Look through the records below and say how many lines include "Chanel". Give only that number.

* **Record extracts**
------------------------------------------------------------
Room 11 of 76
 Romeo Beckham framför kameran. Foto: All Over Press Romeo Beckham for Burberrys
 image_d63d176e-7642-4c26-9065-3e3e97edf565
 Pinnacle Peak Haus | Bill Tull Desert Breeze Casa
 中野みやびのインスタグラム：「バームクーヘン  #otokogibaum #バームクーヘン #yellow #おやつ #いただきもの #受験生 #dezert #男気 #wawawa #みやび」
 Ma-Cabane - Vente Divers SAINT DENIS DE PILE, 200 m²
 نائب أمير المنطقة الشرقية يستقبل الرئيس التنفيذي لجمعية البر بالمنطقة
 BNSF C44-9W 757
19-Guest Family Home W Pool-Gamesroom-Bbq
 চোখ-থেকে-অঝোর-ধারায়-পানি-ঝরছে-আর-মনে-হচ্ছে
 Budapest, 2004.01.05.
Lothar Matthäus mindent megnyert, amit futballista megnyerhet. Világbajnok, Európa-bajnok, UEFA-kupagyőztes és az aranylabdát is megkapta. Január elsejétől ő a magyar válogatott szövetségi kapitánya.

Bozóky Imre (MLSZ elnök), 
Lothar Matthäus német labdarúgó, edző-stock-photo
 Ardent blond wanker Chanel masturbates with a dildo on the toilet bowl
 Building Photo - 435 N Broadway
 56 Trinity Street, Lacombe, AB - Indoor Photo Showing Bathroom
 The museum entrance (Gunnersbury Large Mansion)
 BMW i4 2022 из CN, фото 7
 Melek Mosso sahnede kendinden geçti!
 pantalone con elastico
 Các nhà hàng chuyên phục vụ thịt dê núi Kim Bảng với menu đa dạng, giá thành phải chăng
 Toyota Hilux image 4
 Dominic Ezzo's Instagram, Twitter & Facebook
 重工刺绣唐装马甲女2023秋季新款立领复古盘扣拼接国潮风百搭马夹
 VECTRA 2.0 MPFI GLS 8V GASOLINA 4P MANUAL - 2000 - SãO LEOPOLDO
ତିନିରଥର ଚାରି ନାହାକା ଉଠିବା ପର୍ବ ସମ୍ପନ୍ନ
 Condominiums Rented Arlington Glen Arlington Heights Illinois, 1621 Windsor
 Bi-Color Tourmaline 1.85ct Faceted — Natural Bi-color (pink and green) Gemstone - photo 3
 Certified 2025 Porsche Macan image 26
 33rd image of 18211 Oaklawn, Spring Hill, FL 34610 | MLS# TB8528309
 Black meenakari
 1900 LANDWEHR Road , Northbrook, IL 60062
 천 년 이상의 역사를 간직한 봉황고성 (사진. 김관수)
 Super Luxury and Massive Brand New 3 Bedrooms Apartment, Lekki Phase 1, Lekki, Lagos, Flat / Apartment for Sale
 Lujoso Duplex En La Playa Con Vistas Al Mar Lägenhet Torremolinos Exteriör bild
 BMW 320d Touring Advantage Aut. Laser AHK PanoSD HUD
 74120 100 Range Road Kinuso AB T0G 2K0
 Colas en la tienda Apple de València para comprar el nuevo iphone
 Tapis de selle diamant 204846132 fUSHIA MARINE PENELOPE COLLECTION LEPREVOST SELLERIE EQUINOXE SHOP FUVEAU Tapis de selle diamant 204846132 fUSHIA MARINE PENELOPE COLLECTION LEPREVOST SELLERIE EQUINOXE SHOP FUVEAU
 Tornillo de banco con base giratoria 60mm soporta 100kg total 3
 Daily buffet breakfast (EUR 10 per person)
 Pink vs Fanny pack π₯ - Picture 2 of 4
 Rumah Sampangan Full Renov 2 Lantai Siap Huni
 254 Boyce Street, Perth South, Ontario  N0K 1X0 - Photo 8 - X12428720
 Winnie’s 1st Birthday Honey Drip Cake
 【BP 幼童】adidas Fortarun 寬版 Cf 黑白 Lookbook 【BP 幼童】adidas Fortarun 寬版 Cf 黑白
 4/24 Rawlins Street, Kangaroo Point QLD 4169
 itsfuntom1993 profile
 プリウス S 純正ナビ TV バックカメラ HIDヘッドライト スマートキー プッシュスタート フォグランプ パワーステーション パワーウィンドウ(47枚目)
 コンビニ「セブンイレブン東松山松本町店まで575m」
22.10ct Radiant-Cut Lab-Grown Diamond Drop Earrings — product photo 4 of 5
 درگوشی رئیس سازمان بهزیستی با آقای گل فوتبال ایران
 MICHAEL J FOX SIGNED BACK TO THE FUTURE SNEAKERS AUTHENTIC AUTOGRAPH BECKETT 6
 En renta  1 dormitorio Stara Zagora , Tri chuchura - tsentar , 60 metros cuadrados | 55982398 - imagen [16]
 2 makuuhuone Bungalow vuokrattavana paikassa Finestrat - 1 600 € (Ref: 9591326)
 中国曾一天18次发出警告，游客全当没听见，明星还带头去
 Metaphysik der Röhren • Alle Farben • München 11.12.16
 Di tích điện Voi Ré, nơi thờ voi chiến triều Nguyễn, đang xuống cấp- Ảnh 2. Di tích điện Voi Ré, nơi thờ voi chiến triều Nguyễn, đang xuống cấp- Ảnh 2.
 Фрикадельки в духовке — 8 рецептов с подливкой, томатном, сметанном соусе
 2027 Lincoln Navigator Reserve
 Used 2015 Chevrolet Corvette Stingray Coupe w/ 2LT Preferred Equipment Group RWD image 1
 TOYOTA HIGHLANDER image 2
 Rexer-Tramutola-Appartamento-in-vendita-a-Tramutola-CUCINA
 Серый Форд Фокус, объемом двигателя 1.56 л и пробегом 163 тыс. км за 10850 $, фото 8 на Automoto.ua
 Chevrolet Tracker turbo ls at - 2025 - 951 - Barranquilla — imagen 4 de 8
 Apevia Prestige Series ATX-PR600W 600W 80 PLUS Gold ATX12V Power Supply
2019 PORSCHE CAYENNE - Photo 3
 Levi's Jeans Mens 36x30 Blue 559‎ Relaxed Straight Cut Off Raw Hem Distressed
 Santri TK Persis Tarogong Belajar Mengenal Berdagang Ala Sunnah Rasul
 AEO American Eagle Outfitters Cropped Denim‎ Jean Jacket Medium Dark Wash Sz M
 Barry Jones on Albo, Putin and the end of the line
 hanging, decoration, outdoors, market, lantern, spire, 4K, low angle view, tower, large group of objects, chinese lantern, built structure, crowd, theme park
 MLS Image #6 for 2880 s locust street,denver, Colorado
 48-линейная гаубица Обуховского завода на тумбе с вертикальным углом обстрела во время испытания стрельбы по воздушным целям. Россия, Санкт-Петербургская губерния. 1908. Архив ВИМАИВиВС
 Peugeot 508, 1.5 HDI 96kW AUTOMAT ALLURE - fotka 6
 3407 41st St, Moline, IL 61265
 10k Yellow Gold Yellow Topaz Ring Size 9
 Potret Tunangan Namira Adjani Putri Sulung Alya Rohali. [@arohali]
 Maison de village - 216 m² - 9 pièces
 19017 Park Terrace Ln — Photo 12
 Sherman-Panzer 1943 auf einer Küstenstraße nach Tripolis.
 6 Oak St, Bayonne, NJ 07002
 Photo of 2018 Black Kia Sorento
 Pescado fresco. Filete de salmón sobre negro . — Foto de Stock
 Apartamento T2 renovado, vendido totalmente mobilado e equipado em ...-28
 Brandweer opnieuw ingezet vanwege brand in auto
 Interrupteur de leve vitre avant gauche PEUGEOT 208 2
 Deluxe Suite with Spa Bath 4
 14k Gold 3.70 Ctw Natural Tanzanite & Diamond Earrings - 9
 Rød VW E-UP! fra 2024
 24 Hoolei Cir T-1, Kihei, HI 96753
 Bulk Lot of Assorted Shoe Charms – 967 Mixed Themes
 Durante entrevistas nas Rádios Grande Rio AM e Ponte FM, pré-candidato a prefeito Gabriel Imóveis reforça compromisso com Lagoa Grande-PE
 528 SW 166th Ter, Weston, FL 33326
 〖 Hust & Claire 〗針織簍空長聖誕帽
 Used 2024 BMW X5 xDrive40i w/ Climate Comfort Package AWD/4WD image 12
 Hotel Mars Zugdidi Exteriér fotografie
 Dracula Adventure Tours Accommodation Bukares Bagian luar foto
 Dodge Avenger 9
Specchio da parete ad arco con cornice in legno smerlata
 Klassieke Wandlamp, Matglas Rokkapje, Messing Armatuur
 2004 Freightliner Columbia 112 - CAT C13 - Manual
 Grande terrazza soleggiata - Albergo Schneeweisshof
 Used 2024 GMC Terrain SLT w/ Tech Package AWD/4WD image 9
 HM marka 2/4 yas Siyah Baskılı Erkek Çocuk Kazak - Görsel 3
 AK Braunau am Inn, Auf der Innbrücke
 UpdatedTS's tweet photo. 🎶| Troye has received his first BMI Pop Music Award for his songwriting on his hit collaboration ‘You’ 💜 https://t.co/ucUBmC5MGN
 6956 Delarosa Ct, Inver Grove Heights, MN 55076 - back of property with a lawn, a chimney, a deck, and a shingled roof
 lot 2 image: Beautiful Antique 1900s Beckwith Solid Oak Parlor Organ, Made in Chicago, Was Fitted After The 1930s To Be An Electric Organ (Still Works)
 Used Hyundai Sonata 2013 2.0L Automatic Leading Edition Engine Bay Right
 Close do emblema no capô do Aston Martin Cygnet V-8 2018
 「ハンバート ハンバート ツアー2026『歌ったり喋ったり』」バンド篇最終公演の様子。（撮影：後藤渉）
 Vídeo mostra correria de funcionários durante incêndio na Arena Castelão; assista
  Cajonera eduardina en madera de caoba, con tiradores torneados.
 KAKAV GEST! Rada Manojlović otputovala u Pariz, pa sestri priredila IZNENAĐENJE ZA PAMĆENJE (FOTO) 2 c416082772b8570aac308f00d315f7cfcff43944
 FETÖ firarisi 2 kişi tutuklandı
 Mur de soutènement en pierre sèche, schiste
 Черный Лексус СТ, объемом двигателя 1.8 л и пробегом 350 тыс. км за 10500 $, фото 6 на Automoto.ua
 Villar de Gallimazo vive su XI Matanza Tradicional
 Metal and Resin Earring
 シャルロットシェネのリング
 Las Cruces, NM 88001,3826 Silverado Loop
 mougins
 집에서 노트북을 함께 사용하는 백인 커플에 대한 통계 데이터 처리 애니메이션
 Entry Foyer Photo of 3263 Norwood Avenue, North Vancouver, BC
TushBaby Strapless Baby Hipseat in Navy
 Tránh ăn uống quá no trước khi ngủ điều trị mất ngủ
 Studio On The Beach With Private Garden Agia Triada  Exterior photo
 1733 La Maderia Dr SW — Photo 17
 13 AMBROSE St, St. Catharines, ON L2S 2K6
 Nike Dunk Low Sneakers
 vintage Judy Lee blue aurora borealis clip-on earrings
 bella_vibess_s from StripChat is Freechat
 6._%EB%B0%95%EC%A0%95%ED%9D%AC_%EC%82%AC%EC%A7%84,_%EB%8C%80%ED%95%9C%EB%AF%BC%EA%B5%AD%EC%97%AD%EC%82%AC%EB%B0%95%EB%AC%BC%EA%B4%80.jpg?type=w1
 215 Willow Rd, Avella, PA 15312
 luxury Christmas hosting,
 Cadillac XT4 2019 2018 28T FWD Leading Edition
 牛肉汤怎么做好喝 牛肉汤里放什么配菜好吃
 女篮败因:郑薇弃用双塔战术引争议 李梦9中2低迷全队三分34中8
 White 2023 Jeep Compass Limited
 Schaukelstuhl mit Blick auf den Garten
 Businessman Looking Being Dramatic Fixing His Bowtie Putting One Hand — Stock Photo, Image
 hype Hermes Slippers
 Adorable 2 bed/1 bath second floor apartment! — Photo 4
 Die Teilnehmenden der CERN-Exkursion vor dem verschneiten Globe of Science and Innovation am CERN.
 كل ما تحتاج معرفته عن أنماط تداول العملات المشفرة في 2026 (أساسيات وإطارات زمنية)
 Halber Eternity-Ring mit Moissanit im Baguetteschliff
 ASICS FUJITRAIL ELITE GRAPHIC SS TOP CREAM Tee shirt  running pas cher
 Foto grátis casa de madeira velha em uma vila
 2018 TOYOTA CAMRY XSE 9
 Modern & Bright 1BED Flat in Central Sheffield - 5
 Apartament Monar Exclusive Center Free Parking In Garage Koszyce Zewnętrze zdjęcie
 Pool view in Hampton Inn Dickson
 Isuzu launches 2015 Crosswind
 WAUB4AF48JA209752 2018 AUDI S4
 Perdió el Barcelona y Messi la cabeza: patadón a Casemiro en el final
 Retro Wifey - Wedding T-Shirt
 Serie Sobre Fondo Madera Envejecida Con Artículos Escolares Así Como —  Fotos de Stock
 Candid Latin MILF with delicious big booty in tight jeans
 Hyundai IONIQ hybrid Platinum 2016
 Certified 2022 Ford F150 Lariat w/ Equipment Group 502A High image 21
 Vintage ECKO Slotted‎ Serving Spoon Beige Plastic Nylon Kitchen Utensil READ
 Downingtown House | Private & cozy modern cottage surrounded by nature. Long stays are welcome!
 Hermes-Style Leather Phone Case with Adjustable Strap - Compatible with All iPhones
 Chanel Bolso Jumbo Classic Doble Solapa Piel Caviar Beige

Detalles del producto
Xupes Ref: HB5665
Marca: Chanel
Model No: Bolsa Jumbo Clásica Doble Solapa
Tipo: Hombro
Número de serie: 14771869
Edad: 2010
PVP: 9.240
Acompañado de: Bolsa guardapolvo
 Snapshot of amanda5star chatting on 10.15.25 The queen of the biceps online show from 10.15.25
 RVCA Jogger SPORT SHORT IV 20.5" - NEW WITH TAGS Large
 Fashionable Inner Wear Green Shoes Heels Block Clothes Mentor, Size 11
------------------------------------------------------------
* **Task response**
3